--- The problem ---
Your reply should reproduce the data below without a single alteration, apart from dropping the images.

Data records:

========================

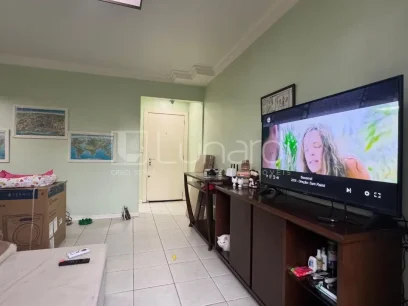 Foto Apartamento com 3 Dormitórios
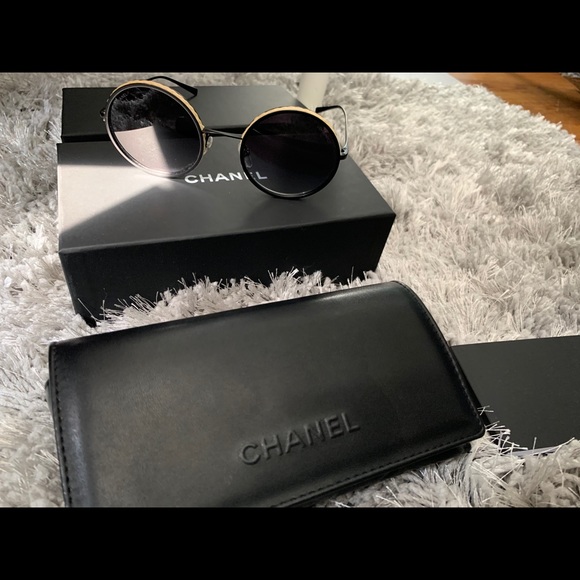 SOLD Off Posh Mark‼️Authentic Chanel Sunglasses - Picture 9 of 13
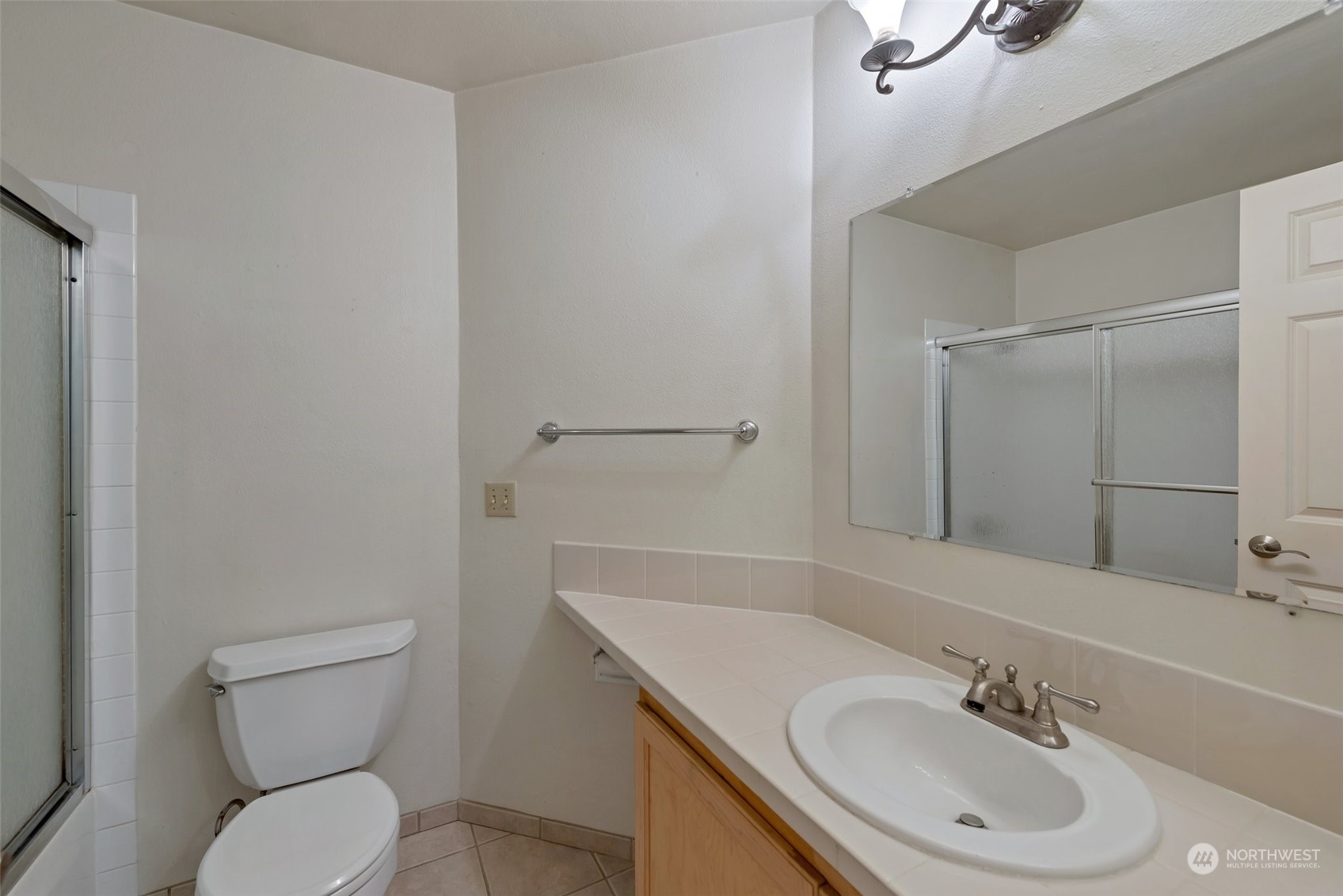 13743 15th Avenue NE Unit: D-8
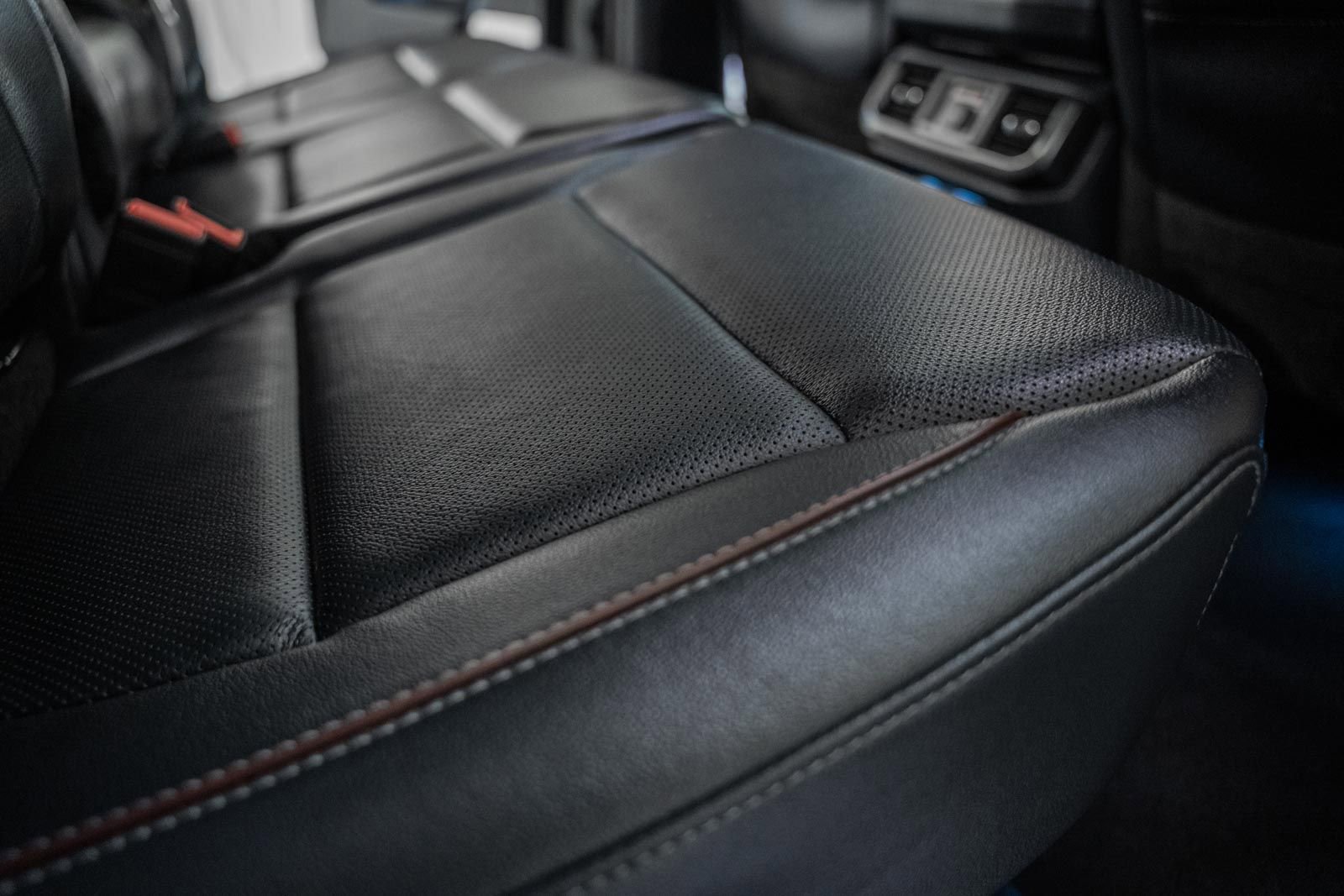 Certified 2023 Ford F150 Lariat w/ Equipment Group 502A High image 38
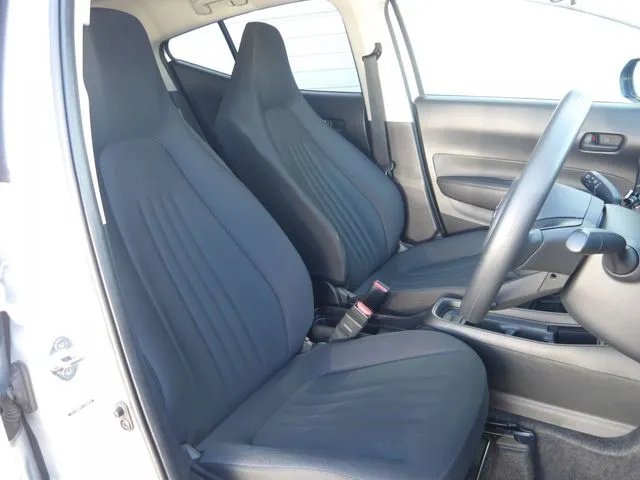 アクア（トヨタ）の車両写真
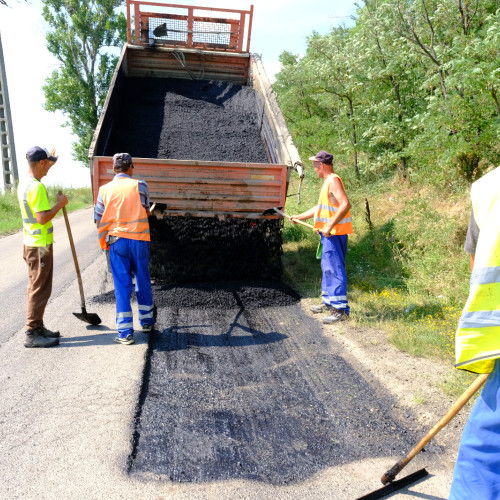 Primăria Botoșani a încheiat un nou contract pentru întreținerea străzilor din municipiu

========================

--- Response to this task ---
 Foto Apartamento com 3 Dormitórios
 SOLD Off Posh Mark‼️Authentic Chanel Sunglasses - Picture 9 of 13
 13743 15th Avenue NE Unit: D-8
 Certified 2023 Ford F150 Lariat w/ Equipment Group 502A High image 38
 アクア（トヨタ）の車両写真
 Primăria Botoșani a încheiat un nou contract pentru întreținerea străzilor din municipiu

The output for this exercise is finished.